Problem.
Among the entries below, one stretch runs from the line that contains "2017 Ford Focus" through the line that contains "27/117 degree angle". Repeat that stretch exactly, ends included, and only that.

Information shown Start Marker

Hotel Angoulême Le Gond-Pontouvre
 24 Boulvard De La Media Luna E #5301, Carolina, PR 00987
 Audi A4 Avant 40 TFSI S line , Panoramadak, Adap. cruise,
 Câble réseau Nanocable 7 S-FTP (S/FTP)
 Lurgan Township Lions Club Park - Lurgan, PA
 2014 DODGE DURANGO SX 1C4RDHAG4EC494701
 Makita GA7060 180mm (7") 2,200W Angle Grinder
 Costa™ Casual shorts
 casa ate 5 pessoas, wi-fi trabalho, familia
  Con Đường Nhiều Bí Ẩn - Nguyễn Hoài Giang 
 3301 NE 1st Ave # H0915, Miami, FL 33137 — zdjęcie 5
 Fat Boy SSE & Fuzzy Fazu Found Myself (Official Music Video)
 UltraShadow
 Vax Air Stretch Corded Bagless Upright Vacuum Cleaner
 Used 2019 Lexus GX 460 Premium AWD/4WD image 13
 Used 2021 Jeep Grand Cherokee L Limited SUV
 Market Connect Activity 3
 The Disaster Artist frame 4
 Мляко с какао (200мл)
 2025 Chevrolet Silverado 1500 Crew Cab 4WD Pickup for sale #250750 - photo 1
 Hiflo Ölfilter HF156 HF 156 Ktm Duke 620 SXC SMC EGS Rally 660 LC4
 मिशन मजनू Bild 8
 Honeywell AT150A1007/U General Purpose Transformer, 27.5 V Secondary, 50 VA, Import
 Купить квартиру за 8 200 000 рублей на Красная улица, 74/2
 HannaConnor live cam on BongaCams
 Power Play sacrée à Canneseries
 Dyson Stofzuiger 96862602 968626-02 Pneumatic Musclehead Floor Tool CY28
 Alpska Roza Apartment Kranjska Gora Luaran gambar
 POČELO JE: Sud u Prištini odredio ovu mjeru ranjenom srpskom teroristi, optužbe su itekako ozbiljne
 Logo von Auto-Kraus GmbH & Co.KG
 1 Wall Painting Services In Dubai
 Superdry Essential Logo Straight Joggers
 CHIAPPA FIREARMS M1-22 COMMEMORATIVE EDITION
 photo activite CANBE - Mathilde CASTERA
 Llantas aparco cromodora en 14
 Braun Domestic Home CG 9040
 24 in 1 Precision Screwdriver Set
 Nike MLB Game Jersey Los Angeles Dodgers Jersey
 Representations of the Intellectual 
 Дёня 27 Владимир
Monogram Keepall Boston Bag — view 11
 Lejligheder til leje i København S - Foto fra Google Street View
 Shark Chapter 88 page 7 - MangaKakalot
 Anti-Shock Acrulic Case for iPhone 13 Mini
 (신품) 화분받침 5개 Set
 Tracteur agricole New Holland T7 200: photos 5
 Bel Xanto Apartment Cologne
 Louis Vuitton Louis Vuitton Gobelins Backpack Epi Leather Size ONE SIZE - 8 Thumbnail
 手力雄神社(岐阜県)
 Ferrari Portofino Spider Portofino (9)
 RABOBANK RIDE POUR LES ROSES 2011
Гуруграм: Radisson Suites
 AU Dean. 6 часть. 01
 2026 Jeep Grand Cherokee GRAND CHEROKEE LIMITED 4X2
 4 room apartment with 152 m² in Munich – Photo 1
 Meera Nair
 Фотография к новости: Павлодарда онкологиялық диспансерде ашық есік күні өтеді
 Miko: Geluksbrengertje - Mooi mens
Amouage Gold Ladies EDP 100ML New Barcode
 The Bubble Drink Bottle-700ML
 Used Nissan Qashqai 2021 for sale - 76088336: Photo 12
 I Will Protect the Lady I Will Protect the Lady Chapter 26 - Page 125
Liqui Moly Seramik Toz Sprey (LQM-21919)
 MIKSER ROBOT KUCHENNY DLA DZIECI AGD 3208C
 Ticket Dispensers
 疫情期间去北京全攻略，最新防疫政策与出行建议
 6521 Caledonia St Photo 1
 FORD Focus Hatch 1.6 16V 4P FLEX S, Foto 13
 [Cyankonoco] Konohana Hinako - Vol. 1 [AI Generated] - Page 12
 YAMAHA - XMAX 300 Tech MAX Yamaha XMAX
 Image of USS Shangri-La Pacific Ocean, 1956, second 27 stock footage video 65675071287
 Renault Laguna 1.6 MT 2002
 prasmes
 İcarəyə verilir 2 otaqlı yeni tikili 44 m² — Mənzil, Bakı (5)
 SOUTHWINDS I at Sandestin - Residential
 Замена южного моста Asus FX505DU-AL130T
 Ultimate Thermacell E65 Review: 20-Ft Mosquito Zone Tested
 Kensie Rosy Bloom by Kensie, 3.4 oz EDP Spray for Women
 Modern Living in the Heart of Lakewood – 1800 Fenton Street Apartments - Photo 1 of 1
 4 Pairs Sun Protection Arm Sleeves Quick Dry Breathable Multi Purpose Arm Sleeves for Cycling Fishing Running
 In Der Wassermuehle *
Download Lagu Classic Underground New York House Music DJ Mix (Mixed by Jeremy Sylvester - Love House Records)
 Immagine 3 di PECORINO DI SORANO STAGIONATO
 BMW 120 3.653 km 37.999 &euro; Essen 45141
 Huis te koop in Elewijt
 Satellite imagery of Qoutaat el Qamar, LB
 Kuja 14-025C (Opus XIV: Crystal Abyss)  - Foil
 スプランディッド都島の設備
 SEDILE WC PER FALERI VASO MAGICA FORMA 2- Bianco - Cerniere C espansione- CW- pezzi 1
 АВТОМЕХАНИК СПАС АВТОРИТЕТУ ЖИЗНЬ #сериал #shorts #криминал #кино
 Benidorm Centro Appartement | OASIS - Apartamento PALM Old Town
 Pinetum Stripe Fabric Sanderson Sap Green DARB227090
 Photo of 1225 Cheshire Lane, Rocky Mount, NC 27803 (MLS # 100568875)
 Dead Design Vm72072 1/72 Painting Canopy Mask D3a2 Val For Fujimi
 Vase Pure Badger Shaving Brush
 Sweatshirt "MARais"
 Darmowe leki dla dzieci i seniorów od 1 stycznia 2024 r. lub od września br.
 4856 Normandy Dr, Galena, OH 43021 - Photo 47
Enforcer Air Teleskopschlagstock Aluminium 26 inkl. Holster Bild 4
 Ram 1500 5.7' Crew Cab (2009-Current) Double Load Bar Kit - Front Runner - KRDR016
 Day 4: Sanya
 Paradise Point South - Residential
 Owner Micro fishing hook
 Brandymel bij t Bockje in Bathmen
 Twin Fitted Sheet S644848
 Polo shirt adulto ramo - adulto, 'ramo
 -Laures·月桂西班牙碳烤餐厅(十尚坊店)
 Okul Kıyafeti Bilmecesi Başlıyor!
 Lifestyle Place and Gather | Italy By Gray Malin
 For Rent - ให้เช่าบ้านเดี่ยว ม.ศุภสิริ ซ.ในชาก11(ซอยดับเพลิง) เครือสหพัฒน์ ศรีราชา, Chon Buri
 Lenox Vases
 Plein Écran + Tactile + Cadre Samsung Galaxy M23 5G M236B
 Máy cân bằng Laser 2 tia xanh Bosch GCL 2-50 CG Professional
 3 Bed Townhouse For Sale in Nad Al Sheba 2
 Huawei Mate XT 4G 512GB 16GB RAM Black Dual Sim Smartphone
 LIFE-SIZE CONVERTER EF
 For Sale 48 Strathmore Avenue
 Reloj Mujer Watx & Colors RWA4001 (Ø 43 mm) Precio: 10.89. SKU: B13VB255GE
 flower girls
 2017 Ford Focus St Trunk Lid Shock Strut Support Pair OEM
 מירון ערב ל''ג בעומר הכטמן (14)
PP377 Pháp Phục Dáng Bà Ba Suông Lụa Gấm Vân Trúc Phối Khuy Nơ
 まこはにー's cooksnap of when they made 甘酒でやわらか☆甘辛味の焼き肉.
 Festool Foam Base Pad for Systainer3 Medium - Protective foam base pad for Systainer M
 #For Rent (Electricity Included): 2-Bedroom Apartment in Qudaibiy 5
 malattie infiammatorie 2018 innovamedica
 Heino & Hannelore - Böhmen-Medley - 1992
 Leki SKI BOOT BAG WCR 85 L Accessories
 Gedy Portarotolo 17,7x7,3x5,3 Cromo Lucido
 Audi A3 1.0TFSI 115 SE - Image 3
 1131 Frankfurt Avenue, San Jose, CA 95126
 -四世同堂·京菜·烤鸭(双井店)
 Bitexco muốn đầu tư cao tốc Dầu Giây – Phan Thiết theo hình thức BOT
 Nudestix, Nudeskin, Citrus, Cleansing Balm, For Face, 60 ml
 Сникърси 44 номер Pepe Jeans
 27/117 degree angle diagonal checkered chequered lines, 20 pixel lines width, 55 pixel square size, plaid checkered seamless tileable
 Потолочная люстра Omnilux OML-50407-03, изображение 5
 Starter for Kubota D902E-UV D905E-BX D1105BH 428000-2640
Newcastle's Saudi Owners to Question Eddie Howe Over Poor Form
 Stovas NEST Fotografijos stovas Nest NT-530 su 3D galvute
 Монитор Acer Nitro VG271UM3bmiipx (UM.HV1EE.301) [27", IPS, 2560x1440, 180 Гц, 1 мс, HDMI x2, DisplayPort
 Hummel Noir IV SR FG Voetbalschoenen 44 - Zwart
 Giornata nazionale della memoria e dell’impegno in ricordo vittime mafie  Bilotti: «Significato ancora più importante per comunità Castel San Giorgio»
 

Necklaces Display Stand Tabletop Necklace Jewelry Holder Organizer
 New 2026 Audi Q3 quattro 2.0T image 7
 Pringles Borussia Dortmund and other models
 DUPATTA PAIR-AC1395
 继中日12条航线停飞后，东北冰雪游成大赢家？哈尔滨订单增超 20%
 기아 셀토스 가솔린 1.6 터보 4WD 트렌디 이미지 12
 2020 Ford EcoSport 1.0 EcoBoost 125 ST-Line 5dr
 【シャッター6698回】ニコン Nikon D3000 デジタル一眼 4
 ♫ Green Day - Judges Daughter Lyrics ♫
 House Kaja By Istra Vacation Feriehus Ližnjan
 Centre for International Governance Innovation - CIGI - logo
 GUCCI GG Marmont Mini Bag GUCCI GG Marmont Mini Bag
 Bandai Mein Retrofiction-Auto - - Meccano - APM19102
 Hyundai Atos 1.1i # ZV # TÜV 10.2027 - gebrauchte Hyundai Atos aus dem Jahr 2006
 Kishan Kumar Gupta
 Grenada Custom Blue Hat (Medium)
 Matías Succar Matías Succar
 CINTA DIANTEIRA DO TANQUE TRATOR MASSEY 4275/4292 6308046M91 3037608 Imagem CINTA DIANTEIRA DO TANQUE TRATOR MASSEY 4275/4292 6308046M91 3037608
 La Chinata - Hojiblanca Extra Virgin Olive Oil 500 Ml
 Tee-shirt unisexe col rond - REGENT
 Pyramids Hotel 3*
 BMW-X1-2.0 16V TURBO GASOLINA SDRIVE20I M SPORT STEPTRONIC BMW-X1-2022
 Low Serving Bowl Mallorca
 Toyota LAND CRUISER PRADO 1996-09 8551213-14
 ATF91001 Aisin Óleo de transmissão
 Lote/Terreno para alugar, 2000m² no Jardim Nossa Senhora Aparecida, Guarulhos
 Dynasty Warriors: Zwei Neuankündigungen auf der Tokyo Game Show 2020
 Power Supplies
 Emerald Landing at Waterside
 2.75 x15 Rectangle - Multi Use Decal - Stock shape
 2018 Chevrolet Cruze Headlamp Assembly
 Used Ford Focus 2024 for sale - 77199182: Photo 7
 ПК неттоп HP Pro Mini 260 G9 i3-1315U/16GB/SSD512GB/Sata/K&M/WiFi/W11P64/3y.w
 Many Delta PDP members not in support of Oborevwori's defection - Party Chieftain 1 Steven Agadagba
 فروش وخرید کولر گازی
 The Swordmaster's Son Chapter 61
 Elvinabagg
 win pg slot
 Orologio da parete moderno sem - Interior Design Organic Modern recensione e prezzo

Information shown End Marker

Answer for the task.
 2017 Ford Focus St Trunk Lid Shock Strut Support Pair OEM
 מירון ערב ל''ג בעומר הכטמן (14)
PP377 Pháp Phục Dáng Bà Ba Suông Lụa Gấm Vân Trúc Phối Khuy Nơ
 まこはにー's cooksnap of when they made 甘酒でやわらか☆甘辛味の焼き肉.
 Festool Foam Base Pad for Systainer3 Medium - Protective foam base pad for Systainer M
 #For Rent (Electricity Included): 2-Bedroom Apartment in Qudaibiy 5
 malattie infiammatorie 2018 innovamedica
 Heino & Hannelore - Böhmen-Medley - 1992
 Leki SKI BOOT BAG WCR 85 L Accessories
 Gedy Portarotolo 17,7x7,3x5,3 Cromo Lucido
 Audi A3 1.0TFSI 115 SE - Image 3
 1131 Frankfurt Avenue, San Jose, CA 95126
 -四世同堂·京菜·烤鸭(双井店)
 Bitexco muốn đầu tư cao tốc Dầu Giây – Phan Thiết theo hình thức BOT
 Nudestix, Nudeskin, Citrus, Cleansing Balm, For Face, 60 ml
 Сникърси 44 номер Pepe Jeans
 27/117 degree angle diagonal checkered chequered lines, 20 pixel lines width, 55 pixel square size, plaid checkered seamless tileable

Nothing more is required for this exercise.